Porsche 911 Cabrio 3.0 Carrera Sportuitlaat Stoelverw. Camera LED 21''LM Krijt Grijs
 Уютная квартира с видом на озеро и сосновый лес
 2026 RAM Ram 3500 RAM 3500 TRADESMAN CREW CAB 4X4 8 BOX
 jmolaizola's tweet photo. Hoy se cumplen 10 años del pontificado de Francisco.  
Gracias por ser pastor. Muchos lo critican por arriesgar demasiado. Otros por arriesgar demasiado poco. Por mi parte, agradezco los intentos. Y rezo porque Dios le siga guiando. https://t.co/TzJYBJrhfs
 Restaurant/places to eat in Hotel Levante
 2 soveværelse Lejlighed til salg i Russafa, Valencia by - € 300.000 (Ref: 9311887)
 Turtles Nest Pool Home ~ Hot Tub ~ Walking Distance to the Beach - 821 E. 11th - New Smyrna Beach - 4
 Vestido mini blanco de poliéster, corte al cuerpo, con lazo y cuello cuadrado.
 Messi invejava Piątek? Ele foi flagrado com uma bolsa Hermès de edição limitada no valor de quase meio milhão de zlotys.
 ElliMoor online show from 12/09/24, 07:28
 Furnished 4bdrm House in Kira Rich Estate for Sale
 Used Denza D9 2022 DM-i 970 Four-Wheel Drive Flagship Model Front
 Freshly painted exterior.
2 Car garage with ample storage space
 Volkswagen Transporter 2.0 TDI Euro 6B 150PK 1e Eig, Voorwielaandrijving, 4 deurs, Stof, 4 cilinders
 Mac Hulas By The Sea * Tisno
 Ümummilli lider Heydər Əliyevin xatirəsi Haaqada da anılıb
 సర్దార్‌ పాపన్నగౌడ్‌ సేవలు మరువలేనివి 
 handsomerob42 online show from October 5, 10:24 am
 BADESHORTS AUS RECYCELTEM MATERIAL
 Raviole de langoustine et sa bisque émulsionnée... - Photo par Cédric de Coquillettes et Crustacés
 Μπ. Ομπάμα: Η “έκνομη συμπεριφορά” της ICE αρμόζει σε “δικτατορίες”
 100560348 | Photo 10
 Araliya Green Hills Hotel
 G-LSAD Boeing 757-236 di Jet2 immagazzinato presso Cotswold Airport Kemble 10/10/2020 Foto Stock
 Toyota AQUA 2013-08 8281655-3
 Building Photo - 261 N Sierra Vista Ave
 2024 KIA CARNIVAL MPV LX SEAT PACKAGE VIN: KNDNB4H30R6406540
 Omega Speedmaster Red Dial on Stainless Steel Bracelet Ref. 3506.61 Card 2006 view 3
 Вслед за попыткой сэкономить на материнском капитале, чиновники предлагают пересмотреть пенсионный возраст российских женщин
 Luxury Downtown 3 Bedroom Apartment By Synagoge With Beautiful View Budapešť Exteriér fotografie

* * * * *

WHAT NEEDS TO BE DONE:
Transcribe all of the data above, character for character.

OUTPUT OF THE TASK:
Porsche 911 Cabrio 3.0 Carrera Sportuitlaat Stoelverw. Camera LED 21''LM Krijt Grijs
 Уютная квартира с видом на озеро и сосновый лес
 2026 RAM Ram 3500 RAM 3500 TRADESMAN CREW CAB 4X4 8 BOX
 jmolaizola's tweet photo. Hoy se cumplen 10 años del pontificado de Francisco.  
Gracias por ser pastor. Muchos lo critican por arriesgar demasiado. Otros por arriesgar demasiado poco. Por mi parte, agradezco los intentos. Y rezo porque Dios le siga guiando. https://t.co/TzJYBJrhfs
 Restaurant/places to eat in Hotel Levante
 2 soveværelse Lejlighed til salg i Russafa, Valencia by - € 300.000 (Ref: 9311887)
 Turtles Nest Pool Home ~ Hot Tub ~ Walking Distance to the Beach - 821 E. 11th - New Smyrna Beach - 4
 Vestido mini blanco de poliéster, corte al cuerpo, con lazo y cuello cuadrado.
 Messi invejava Piątek? Ele foi flagrado com uma bolsa Hermès de edição limitada no valor de quase meio milhão de zlotys.
 ElliMoor online show from 12/09/24, 07:28
 Furnished 4bdrm House in Kira Rich Estate for Sale
 Used Denza D9 2022 DM-i 970 Four-Wheel Drive Flagship Model Front
 Freshly painted exterior.
2 Car garage with ample storage space
 Volkswagen Transporter 2.0 TDI Euro 6B 150PK 1e Eig, Voorwielaandrijving, 4 deurs, Stof, 4 cilinders
 Mac Hulas By The Sea * Tisno
 Ümummilli lider Heydər Əliyevin xatirəsi Haaqada da anılıb
 సర్దార్‌ పాపన్నగౌడ్‌ సేవలు మరువలేనివి 
 handsomerob42 online show from October 5, 10:24 am
 BADESHORTS AUS RECYCELTEM MATERIAL
 Raviole de langoustine et sa bisque émulsionnée... - Photo par Cédric de Coquillettes et Crustacés
 Μπ. Ομπάμα: Η “έκνομη συμπεριφορά” της ICE αρμόζει σε “δικτατορίες”
 100560348 | Photo 10
 Araliya Green Hills Hotel
 G-LSAD Boeing 757-236 di Jet2 immagazzinato presso Cotswold Airport Kemble 10/10/2020 Foto Stock
 Toyota AQUA 2013-08 8281655-3
 Building Photo - 261 N Sierra Vista Ave
 2024 KIA CARNIVAL MPV LX SEAT PACKAGE VIN: KNDNB4H30R6406540
 Omega Speedmaster Red Dial on Stainless Steel Bracelet Ref. 3506.61 Card 2006 view 3
 Вслед за попыткой сэкономить на материнском капитале, чиновники предлагают пересмотреть пенсионный возраст российских женщин
 Luxury Downtown 3 Bedroom Apartment By Synagoge With Beautiful View Budapešť Exteriér fotografie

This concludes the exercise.